Many social workers that work in child welfare systems serve some of the most vulnerable children and families across the country. Having played a critical role in these systems, social workers hold an important role to support and strengthen families and to protect children from harm while ensuring their well-being. Here are six standards that social workers in child welfare follow to best do their job:

  1. Ethics and Values. Social workers in child welfare should demonstrate core values such as justice, importance of relationships, integrity and competence.
  2. Professional Development. Social workers should continuously build their skill set in order to bring the best current services to their clients. This can be in the form of participating in educational opportunities and supervising social work interns when possible.

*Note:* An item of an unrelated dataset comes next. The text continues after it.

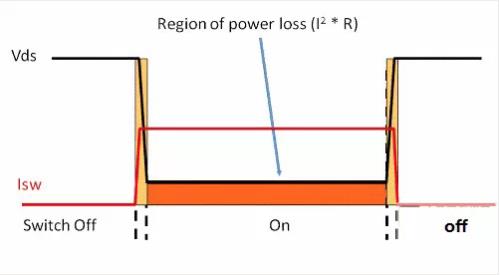 如何選擇電源系統(tǒng)開關(guān)控制器的 MOSFET？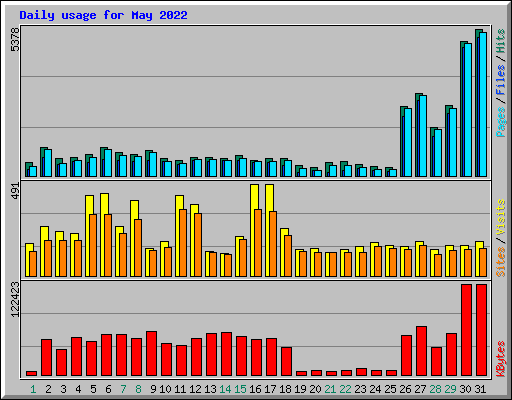 Daily usage for May 2022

  3. Advocacy. In child welfare, social workers should seek to advocate for resources and systems that will improve services for youth, children and families. Helping clients to effectively use and have access to community resources is an example of what social workers could do.
  4. Assessment. It is important for social workers in child welfare to properly assess a child, youth, and family system to gather important, initial information. Ongoing assessments should be conducted to develop a plan for child welfare services.
  5. Intervention. Through evidence based practices, social workers in child welfare should strive to ensure the safety and well-being of children.
  6. Family engagement. Social workers in child welfare should engage families, immediate or extended, as partners through the process of assessment, intervention and reunification efforts. Understanding and incorporating the family’s needs and perspective into planning for potential solutions.